Only one stretch of the records below is wanted: the lines from the one holding "1girl armored_boots blue_eyes" through the one holding "Rollerball Pen, Red". Return it exactly, both ends included.

Given data:
#####

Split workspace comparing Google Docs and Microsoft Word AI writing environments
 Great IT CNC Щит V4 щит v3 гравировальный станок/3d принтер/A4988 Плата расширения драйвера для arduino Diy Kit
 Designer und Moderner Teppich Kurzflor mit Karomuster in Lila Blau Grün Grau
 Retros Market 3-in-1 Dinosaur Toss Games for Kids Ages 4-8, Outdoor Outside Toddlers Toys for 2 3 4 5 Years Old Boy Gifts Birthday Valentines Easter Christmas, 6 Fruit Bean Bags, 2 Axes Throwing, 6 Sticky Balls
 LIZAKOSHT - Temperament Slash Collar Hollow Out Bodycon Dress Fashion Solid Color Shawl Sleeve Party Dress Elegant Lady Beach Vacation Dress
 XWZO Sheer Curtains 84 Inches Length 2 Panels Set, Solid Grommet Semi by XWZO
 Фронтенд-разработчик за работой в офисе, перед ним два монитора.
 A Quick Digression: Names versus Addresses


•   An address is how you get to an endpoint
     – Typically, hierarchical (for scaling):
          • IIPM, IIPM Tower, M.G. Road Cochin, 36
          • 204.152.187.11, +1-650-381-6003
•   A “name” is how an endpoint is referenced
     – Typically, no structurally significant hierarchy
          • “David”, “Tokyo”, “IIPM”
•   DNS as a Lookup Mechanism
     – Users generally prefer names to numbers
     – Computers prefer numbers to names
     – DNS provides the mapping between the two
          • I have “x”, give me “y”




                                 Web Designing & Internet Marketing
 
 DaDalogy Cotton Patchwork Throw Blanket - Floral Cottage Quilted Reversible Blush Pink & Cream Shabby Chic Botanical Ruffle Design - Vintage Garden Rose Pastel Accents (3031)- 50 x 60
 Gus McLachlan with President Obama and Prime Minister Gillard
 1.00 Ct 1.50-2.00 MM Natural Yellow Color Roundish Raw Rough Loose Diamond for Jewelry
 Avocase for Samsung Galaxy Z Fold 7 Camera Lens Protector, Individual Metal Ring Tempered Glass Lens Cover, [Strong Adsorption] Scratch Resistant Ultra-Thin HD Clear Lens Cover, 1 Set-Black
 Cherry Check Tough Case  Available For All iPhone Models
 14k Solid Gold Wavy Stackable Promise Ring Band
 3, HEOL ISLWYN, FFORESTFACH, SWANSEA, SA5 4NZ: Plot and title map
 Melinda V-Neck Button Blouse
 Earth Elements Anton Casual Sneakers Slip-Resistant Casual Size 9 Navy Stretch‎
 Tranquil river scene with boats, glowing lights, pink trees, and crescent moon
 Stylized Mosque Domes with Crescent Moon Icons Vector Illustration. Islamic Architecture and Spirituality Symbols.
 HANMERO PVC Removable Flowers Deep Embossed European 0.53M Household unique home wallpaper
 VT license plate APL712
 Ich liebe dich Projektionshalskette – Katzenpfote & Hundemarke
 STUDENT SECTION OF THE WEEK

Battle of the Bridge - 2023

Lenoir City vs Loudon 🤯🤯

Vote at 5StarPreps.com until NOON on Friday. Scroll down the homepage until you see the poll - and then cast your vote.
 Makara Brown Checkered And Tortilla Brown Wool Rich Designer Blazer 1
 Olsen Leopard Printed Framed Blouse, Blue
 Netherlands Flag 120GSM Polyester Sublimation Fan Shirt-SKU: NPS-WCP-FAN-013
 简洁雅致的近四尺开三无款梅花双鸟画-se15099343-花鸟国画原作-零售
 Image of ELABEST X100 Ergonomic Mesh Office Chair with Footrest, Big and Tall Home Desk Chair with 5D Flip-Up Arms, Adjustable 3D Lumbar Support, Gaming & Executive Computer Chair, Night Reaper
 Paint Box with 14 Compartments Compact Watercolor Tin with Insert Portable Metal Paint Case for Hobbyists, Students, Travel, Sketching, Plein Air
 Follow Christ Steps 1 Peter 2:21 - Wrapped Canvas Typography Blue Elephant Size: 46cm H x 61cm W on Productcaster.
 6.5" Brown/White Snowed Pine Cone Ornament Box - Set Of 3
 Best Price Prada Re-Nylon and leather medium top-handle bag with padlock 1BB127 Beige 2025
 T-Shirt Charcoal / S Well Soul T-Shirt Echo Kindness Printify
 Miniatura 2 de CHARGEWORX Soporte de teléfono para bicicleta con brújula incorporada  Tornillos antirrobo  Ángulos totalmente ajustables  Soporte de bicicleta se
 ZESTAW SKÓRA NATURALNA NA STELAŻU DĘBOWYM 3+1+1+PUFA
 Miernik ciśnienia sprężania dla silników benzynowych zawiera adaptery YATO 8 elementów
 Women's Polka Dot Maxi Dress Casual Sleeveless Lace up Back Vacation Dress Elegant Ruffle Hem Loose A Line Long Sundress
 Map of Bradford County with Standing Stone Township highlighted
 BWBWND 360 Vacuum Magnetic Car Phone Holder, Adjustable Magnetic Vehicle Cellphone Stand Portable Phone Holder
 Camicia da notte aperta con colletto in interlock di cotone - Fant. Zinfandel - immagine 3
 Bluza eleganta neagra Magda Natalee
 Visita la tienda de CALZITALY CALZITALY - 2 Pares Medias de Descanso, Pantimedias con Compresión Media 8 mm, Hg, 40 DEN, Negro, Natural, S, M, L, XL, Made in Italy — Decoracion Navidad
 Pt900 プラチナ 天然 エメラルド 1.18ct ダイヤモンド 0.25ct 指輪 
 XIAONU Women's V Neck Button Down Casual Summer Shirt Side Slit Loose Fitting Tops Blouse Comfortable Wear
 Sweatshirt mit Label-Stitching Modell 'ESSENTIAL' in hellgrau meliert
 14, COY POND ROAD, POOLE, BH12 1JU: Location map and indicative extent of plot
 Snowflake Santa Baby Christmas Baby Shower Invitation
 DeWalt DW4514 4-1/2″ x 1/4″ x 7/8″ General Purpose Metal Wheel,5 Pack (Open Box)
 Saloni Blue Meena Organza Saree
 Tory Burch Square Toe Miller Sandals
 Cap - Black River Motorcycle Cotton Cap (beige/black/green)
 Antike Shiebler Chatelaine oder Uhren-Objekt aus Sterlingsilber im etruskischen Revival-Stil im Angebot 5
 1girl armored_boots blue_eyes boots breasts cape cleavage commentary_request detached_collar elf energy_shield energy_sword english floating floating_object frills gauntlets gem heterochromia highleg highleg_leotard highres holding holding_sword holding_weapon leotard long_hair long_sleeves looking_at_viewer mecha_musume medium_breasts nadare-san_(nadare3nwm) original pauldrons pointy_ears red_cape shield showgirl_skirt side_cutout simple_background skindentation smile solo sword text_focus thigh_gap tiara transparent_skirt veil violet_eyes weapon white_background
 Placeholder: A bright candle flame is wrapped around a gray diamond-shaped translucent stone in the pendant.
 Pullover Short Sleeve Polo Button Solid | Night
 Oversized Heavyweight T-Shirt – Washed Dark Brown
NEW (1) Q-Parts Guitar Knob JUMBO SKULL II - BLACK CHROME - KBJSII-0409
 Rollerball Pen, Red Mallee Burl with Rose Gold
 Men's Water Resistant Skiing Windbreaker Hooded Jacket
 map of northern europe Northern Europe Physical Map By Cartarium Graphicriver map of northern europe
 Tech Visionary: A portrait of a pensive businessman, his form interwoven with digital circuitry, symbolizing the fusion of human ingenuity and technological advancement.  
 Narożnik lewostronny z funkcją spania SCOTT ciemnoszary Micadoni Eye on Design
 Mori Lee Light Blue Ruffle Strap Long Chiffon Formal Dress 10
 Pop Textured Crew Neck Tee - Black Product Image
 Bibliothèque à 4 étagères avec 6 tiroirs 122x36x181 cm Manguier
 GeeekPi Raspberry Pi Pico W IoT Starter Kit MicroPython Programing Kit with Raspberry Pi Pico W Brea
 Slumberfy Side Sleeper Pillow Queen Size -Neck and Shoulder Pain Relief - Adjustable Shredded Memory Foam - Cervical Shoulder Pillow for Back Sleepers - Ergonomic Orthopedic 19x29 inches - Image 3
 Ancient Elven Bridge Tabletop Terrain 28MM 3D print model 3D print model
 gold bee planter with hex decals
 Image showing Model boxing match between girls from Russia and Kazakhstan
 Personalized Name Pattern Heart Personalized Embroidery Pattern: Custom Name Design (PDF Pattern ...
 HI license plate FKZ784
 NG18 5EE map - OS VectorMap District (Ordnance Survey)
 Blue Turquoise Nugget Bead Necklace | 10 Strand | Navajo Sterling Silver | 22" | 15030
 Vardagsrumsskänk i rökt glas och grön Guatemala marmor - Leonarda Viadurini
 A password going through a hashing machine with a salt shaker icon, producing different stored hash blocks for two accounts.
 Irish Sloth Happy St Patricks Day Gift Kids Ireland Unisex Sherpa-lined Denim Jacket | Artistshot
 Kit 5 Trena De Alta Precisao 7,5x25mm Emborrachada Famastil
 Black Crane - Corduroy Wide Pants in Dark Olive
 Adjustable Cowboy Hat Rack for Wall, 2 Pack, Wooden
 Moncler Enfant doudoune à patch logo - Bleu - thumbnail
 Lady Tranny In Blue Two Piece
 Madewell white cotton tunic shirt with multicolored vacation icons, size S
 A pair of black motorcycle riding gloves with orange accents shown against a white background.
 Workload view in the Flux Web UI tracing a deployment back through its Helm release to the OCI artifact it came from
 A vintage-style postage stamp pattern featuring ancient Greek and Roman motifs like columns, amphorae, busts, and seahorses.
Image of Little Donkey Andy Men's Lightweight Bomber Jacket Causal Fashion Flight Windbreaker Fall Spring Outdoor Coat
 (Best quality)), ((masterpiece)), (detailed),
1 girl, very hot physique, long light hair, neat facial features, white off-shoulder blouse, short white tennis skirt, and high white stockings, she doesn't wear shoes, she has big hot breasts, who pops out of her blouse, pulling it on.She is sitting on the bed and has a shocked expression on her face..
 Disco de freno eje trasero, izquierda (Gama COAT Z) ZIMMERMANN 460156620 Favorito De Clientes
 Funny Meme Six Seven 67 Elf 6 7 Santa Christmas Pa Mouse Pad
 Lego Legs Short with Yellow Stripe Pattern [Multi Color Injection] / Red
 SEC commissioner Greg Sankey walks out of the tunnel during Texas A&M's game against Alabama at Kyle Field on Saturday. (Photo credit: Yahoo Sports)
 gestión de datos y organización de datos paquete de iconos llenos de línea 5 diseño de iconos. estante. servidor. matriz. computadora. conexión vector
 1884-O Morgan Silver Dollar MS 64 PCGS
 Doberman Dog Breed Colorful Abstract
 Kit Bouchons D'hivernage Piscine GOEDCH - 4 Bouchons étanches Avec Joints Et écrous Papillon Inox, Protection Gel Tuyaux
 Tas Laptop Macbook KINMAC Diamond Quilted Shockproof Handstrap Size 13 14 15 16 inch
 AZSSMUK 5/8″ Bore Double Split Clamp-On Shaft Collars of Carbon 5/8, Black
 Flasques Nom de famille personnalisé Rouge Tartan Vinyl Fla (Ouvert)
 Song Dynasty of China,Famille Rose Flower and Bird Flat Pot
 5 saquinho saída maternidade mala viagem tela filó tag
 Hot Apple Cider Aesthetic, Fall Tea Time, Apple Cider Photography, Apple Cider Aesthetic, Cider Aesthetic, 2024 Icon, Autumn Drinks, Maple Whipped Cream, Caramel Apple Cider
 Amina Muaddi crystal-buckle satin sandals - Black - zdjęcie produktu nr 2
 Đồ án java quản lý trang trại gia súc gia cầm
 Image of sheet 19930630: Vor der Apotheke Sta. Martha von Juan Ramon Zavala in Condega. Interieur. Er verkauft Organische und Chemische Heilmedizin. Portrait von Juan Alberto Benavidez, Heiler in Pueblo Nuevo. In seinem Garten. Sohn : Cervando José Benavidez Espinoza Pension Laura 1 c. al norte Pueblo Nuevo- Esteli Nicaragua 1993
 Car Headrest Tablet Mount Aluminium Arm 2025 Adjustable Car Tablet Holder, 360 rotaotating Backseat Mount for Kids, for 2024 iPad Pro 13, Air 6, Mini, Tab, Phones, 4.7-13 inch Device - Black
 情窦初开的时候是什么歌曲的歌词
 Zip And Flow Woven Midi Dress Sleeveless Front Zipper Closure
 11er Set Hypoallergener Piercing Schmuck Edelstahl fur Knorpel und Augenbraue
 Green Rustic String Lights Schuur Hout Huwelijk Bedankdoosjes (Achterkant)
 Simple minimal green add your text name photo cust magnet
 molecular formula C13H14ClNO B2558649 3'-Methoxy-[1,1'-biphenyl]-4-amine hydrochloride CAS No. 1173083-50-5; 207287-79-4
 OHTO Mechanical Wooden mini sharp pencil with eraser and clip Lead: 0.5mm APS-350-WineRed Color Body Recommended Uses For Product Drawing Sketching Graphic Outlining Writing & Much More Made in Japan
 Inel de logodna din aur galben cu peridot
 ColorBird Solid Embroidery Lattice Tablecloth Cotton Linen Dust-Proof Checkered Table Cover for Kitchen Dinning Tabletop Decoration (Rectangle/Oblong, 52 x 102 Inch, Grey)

#####

Exercise answer:
 1girl armored_boots blue_eyes boots breasts cape cleavage commentary_request detached_collar elf energy_shield energy_sword english floating floating_object frills gauntlets gem heterochromia highleg highleg_leotard highres holding holding_sword holding_weapon leotard long_hair long_sleeves looking_at_viewer mecha_musume medium_breasts nadare-san_(nadare3nwm) original pauldrons pointy_ears red_cape shield showgirl_skirt side_cutout simple_background skindentation smile solo sword text_focus thigh_gap tiara transparent_skirt veil violet_eyes weapon white_background
 Placeholder: A bright candle flame is wrapped around a gray diamond-shaped translucent stone in the pendant.
 Pullover Short Sleeve Polo Button Solid | Night
 Oversized Heavyweight T-Shirt – Washed Dark Brown
NEW (1) Q-Parts Guitar Knob JUMBO SKULL II - BLACK CHROME - KBJSII-0409
 Rollerball Pen, Red Mallee Burl with Rose Gold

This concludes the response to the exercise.